REQUIRED ACTION: Omit the pictures and copy the entries exactly.

THE INPUT:
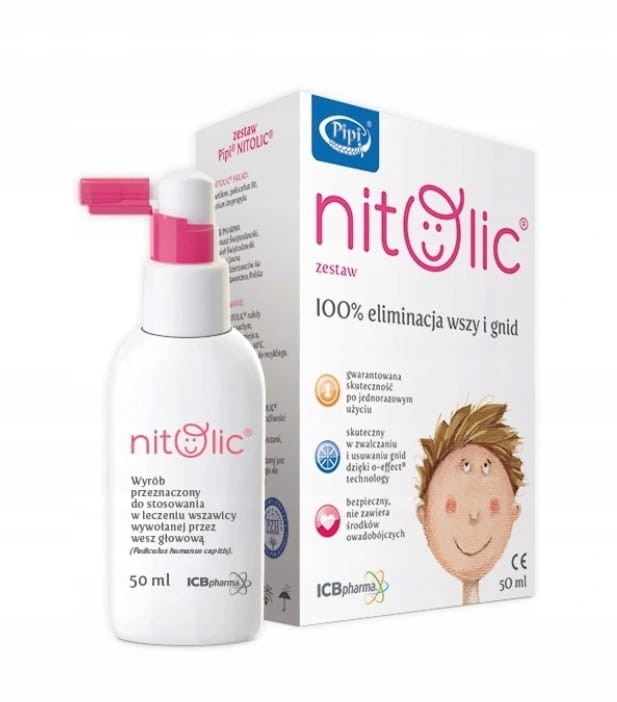 ZESTAW ŚRODEK GRZEBIEŃ NA WSZY GNIDY PIPI NITOLIC 50ML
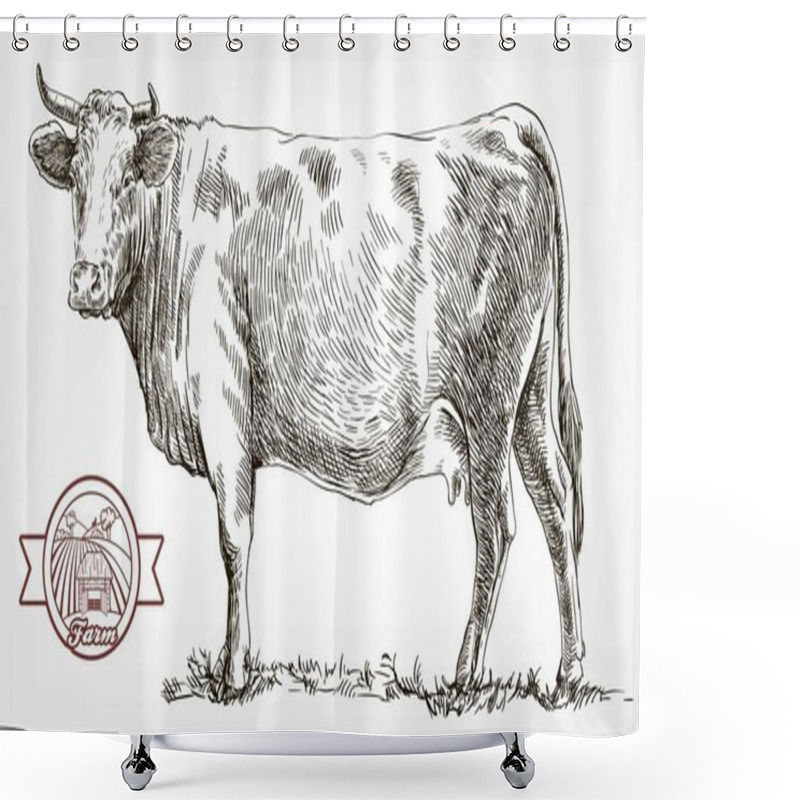 Personality  Breeding Cow. Animal Husbandry. Livestock Shower Curtains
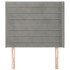 Cabecero con orejas de terciopelo gris claro 103x16x118/128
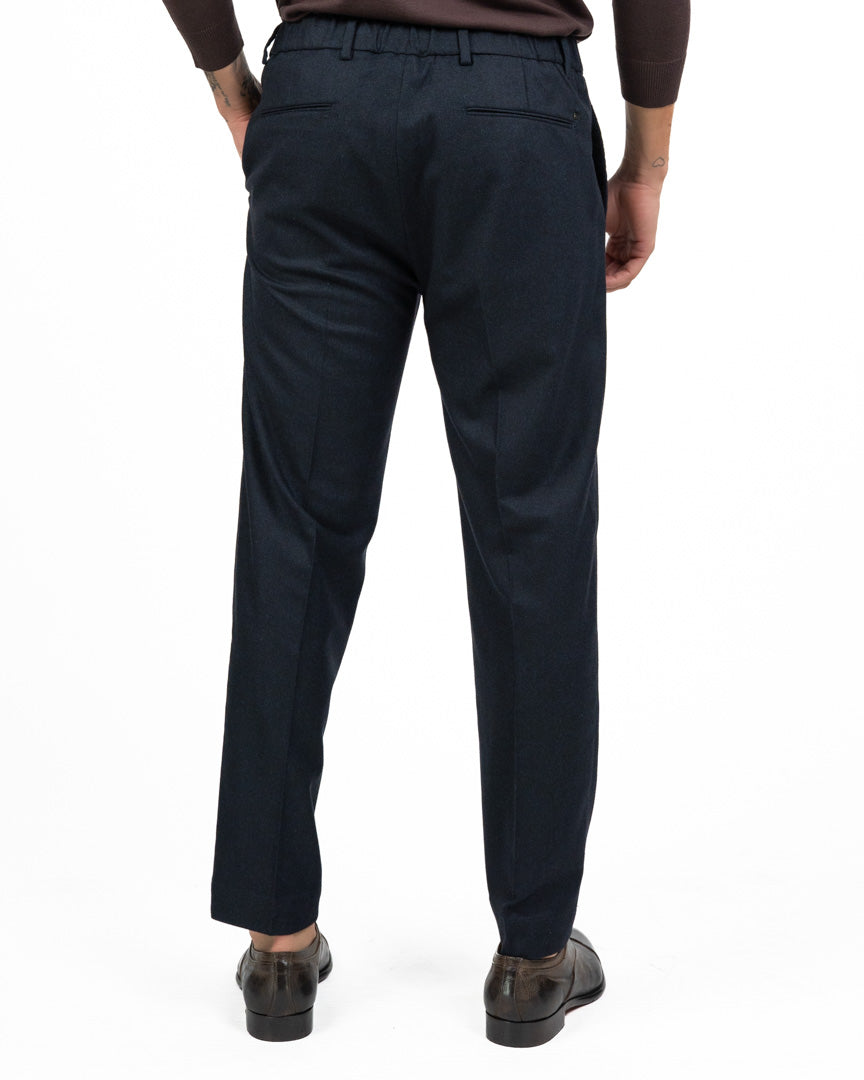 Pantalone Sartoriale con Pinces in Misto Lana / Flanella Blu Notte - Out Fit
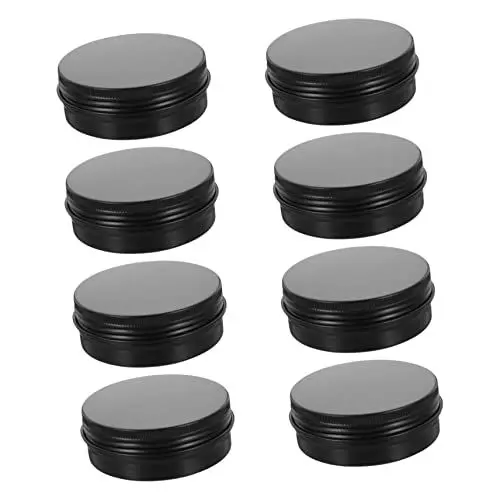 Produktbild: Beavorty 10st Schwarz Aluminium Box Kleine Metalldosen Augencremetiegel Hautpflege-gläser -blechdose Dose Aus Aluminiumblech Creme-make-up Reisen Butter Kosmetik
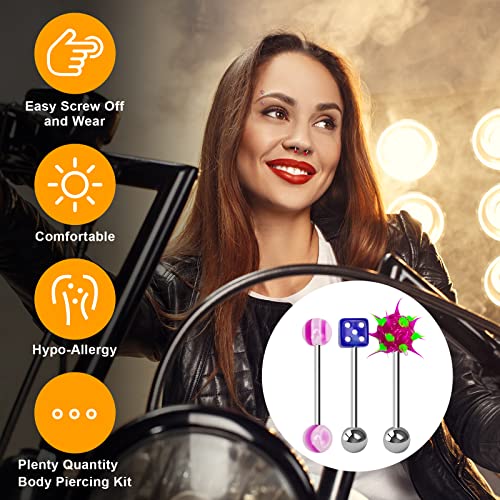 CrazyPiercing Lot of 110PCS Body Jewelry Piercing Eyebrow Navel Belly Tongue Lip Bar Ring - Image 2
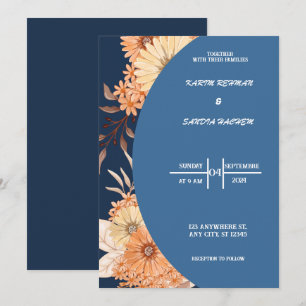 Invitación Rosas de Naranja terrenal Boda azul de la Marina F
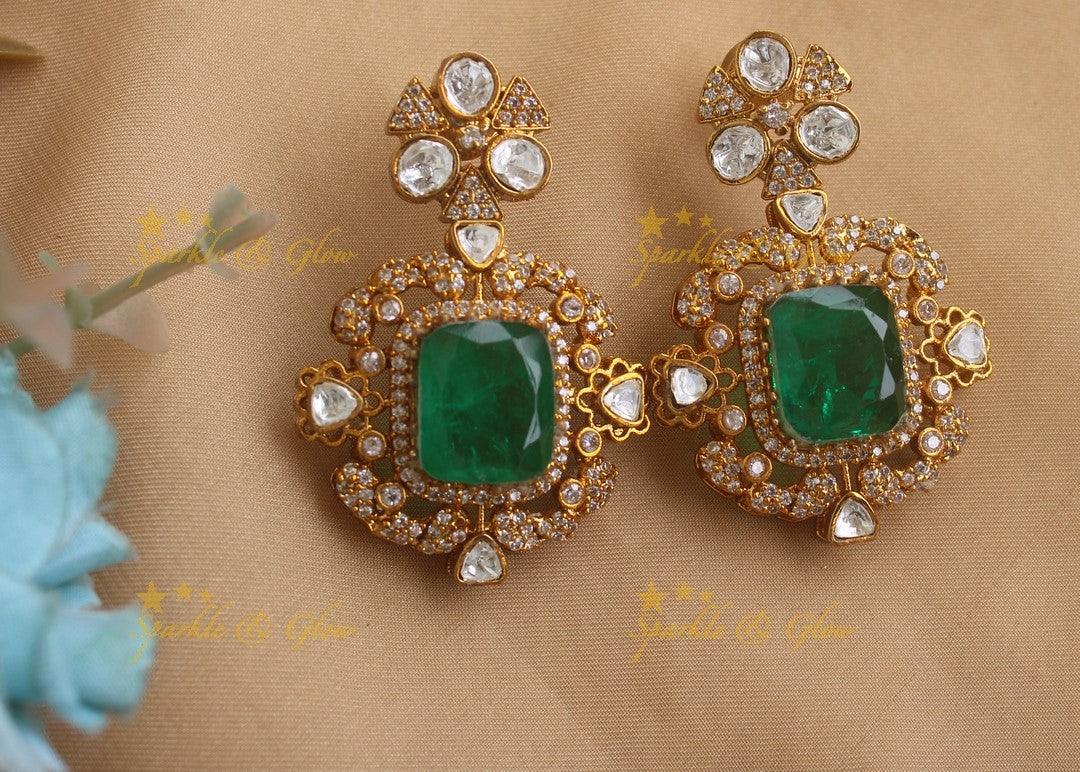 Elegant Square design Floral victorian high neck pearl choker- Green - Sparkle and Glow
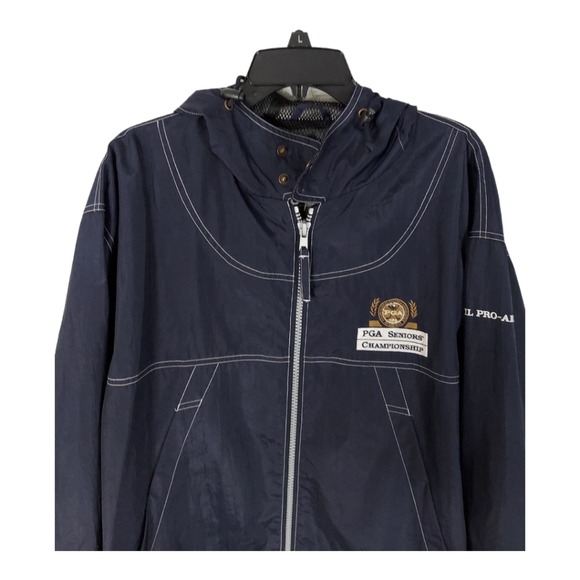 PGA Seniors Championship Advil PRO-AM Size L Go Pak Jacket Rain Wind Navy Blue - Picture 5 of 14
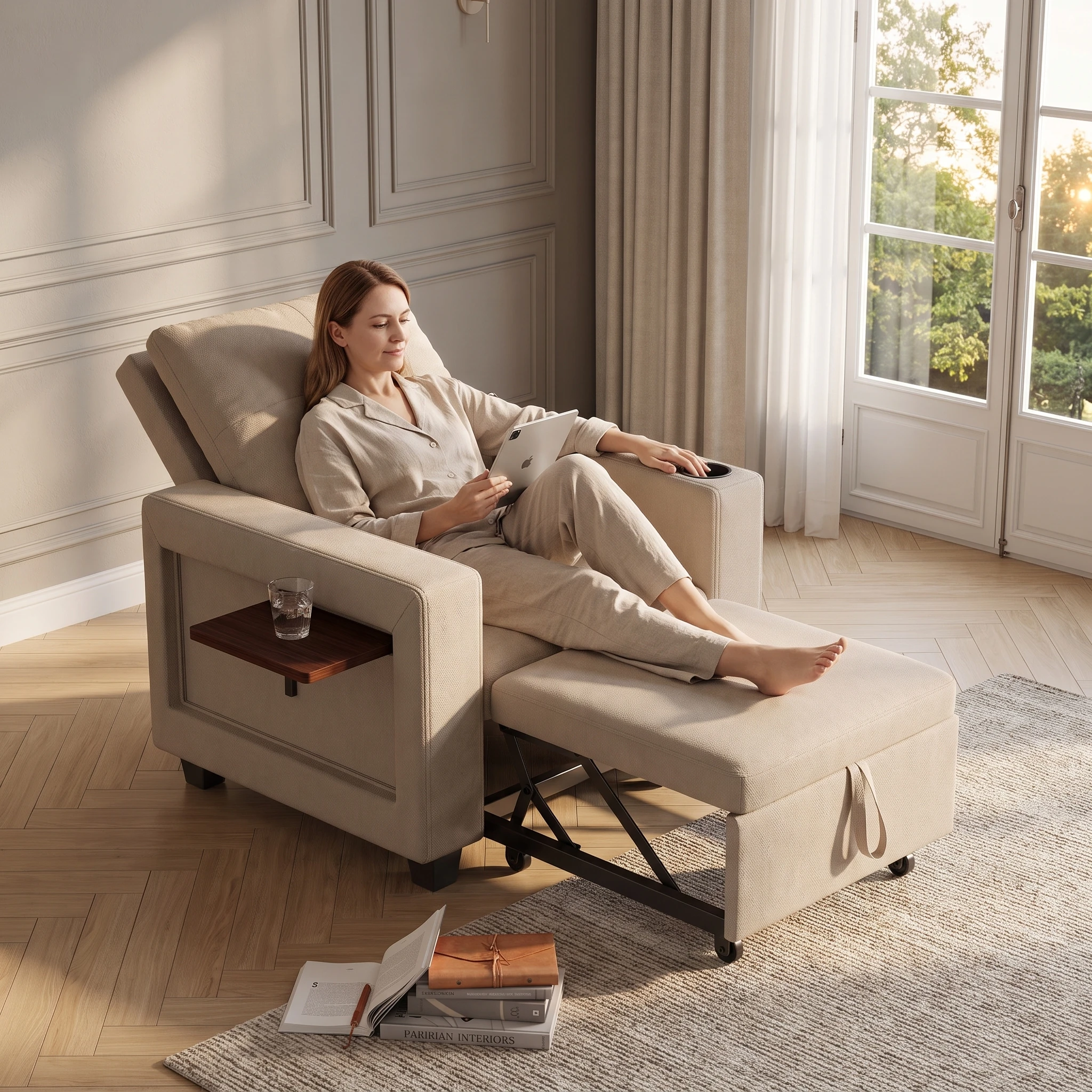 Comanlai, divano letto singolo in velluto color beige, poltrona trasformabile, schienale regolabile in 5 posizioni, piano tavolo pieghevole; ideale per soggiorni e camere da letto.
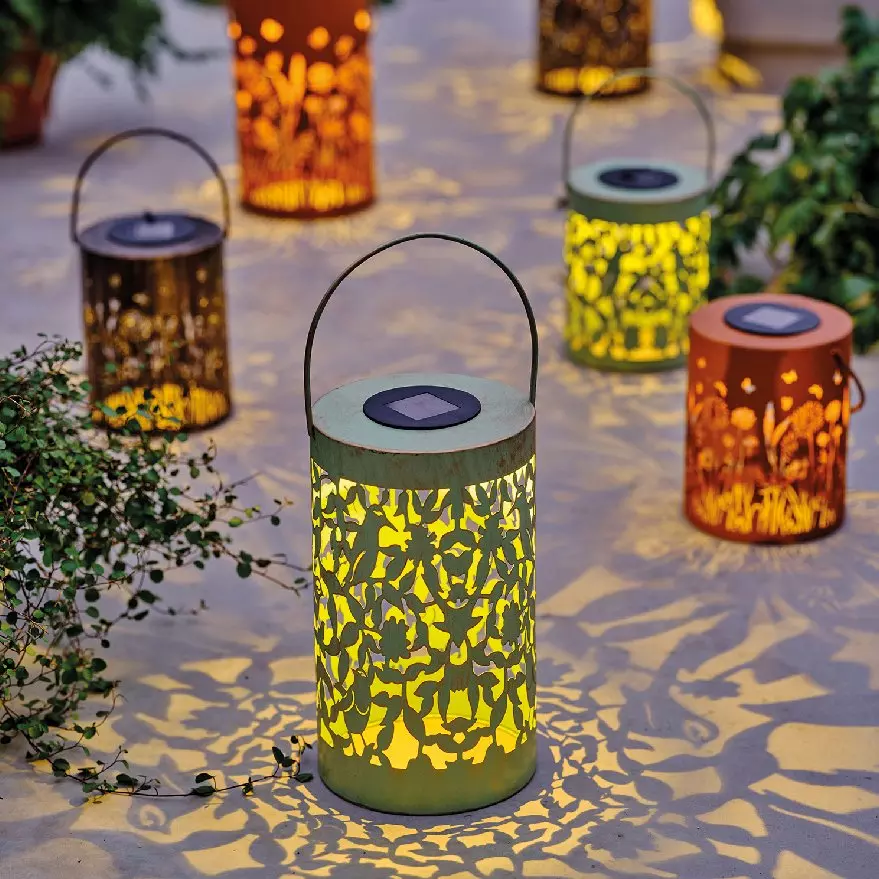 Lanterne solaire métal à LED (H18 cm) Natura Rouille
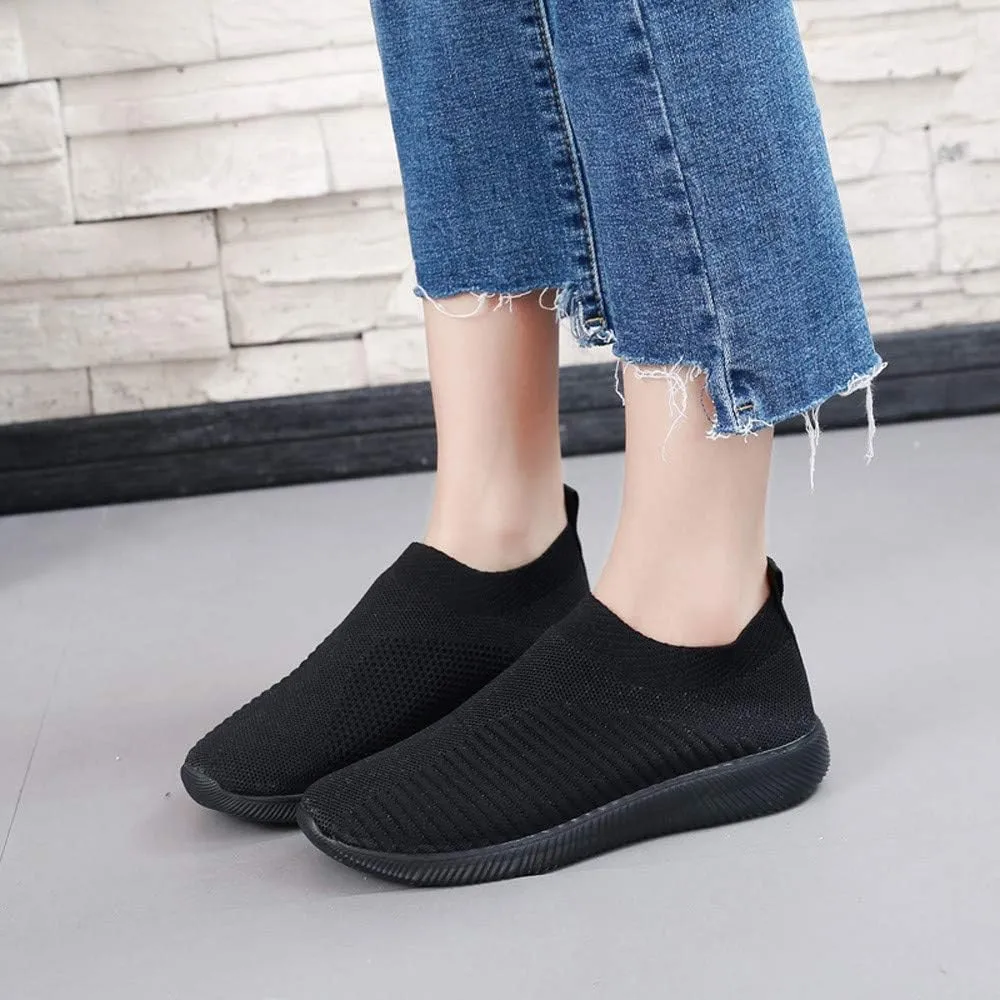 Womens Orthopedic Walking Shoes with Arch Support Slip On Sneakers for Plantar Fasciitis Relief Comfortable Casual Loafers Diabetic Swollen Feet Pain Relief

RESPONSE:
 ZESTAW ŚRODEK GRZEBIEŃ NA WSZY GNIDY PIPI NITOLIC 50ML
 Personality  Breeding Cow. Animal Husbandry. Livestock Shower Curtains
 Cabecero con orejas de terciopelo gris claro 103x16x118/128
 Pantalone Sartoriale con Pinces in Misto Lana / Flanella Blu Notte - Out Fit
 Produktbild: Beavorty 10st Schwarz Aluminium Box Kleine Metalldosen Augencremetiegel Hautpflege-gläser -blechdose Dose Aus Aluminiumblech Creme-make-up Reisen Butter Kosmetik
 CrazyPiercing Lot of 110PCS Body Jewelry Piercing Eyebrow Navel Belly Tongue Lip Bar Ring - Image 2
 Invitación Rosas de Naranja terrenal Boda azul de la Marina F
 Elegant Square design Floral victorian high neck pearl choker- Green - Sparkle and Glow
 PGA Seniors Championship Advil PRO-AM Size L Go Pak Jacket Rain Wind Navy Blue - Picture 5 of 14
 Comanlai, divano letto singolo in velluto color beige, poltrona trasformabile, schienale regolabile in 5 posizioni, piano tavolo pieghevole; ideale per soggiorni e camere da letto.
 Lanterne solaire métal à LED (H18 cm) Natura Rouille
 Womens Orthopedic Walking Shoes with Arch Support Slip On Sneakers for Plantar Fasciitis Relief Comfortable Casual Loafers Diabetic Swollen Feet Pain Relief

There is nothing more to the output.